▸ **Available data**:
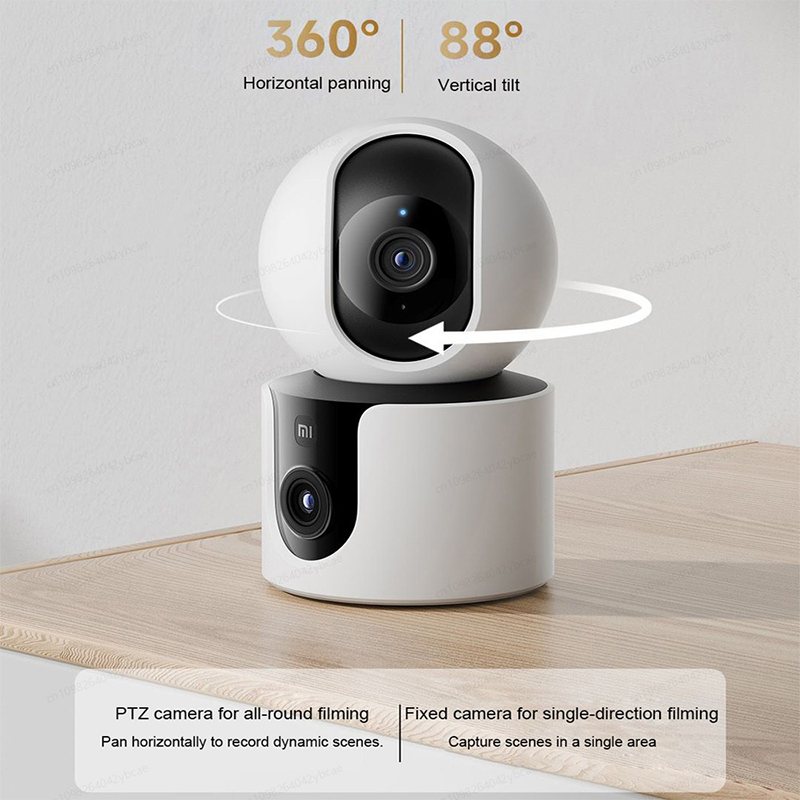 XIAOMI スマート カメラ C300 デュアル カメラ  - Home Security Xiaomi のレビューと価格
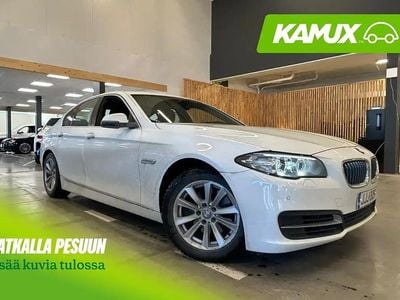 Käytetty BMW 518 143 HP (105 kW) 2014 Valkoinen Sedan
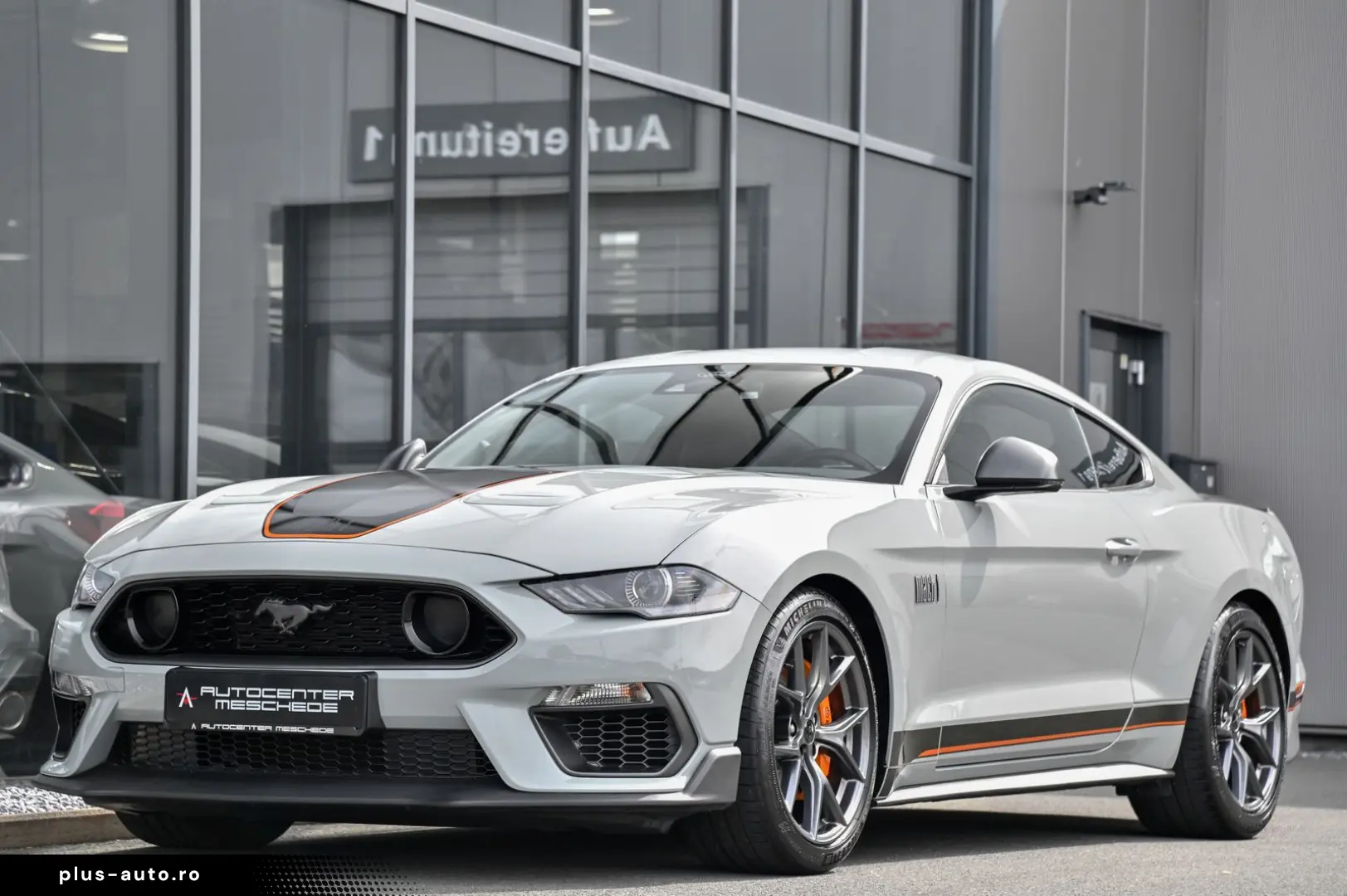 FORD Mustang 5.0 Ti-VCT V8 Aut Mach 1 Navi  MagneRide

▸ **Exercise goal**: Pictures are to be omitted from the copy. Reproduce exactly, and only, the lines from the one containing "Käytetty BMW 518" to the end of the listing above.

▸ **Answer space**:
 Käytetty BMW 518 143 HP (105 kW) 2014 Valkoinen Sedan
 FORD Mustang 5.0 Ti-VCT V8 Aut Mach 1 Navi  MagneRide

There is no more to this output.